Scraping GreatSchools
By Enrico Manlapig in modeling
June 30, 2021
Emu Dreaming by Raymond Walters Penangke. Used with permission
I’m always in two minds about web-scraping. You can feel like a wizard when you you can identify parts of a webpage and make them appear somewhere, transformed, all without opening a browser. At the same time, it feels icky. The designer clearly intended you to experience their page in a certain way so it feels wrong to pick it apart to consume the bits you like. You wouldn’t do this to a beautiful and lovingly crafted piece of nigiri sushi.
This dilemma is for chewing over another day.
Today, I’m planting a new seed and this post will outline some of the things I’ve learned. I’m preparing for Decision Lab project that will be exploring the local market for faith-based schools. As part of this exercise, I’m writing some R scripts to help them scrape local school information from GreatSchools.org.
At this point, I have scripts to scrape a listing page and review pages.

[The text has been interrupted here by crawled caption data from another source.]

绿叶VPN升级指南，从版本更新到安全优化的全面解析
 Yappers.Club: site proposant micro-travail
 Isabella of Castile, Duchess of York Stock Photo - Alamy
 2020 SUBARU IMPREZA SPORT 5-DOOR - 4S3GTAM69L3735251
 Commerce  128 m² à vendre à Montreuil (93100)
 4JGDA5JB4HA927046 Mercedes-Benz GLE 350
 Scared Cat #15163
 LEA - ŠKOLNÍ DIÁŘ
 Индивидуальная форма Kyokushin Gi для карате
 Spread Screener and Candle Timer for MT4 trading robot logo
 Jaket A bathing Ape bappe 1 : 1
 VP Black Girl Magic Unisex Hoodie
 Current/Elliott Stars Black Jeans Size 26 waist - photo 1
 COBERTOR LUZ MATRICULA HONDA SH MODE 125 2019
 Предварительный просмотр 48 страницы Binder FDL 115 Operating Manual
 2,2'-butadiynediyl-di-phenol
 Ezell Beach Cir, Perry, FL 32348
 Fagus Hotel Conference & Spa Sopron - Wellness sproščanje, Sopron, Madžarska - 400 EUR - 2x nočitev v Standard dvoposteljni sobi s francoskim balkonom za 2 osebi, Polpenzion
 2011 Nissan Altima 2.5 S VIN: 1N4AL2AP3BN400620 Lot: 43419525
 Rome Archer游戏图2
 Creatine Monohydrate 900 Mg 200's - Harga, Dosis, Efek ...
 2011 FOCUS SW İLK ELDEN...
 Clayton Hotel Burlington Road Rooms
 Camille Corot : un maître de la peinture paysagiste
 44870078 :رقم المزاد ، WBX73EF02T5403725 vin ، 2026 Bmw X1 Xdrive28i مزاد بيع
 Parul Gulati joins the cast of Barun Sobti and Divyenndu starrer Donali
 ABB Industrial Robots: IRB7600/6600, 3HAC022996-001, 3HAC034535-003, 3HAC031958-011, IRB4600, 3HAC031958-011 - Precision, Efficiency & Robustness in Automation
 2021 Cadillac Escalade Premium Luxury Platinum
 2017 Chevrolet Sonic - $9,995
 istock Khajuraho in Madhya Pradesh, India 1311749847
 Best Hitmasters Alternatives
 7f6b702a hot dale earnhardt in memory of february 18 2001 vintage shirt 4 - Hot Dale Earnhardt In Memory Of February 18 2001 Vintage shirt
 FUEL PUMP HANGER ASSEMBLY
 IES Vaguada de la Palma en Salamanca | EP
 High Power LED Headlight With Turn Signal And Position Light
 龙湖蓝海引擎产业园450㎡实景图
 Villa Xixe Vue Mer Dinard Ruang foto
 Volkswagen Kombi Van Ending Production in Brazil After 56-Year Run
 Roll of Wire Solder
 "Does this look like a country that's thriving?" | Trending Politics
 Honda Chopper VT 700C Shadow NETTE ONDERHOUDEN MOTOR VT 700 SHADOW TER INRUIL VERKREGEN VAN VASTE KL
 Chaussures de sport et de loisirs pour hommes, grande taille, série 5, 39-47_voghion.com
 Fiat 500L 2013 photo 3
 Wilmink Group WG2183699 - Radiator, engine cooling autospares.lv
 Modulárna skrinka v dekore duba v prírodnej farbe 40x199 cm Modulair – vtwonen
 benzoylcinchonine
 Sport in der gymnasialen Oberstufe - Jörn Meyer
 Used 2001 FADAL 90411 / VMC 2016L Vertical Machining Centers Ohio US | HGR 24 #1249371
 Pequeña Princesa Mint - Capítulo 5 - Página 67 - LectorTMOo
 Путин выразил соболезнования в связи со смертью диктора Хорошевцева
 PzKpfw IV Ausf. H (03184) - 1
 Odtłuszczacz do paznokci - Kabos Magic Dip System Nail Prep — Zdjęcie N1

At first, it was hard to get started because the data was being dynamically generated by some JavaScript. I didn’t want to go down the RSelenium
path because that seemed overwhelming. I learned, though, that you can point
rvest
at the script’s xpath and then use V8
to execute the script. Very clever!
The review pages were trickier. I could still use the rvest
+ V8
move to grab the data but there were two little wrinkles. First, the page would expand when you scrolled down. If I blindly scraped the page with rvest
, I’d only get the first few reviews. The second issue was that each review was initially presented collapsed. You would need to press a “more” button to expand the review. Since this required some actual window work, I concluded there was no way to do this with rvest
alone so I jumped into the RSelenium
pool. Thankfully, it was surprisingly straightforward to scroll and click in the client browser.
At the moment, I have everything driven by RMarkdown document for no particular reason. I would like to try rolling this material into a package, which I think will be a kinder tool for the students.
One last thing before I leave the garden for the day, I was practicing bowing and nodding to the website because I wanted to be (and use)
polite
. As I said earlier, I am a little bit bothered by this practice. But that’s for another day.
Hmm… Now I want some sushi 🍣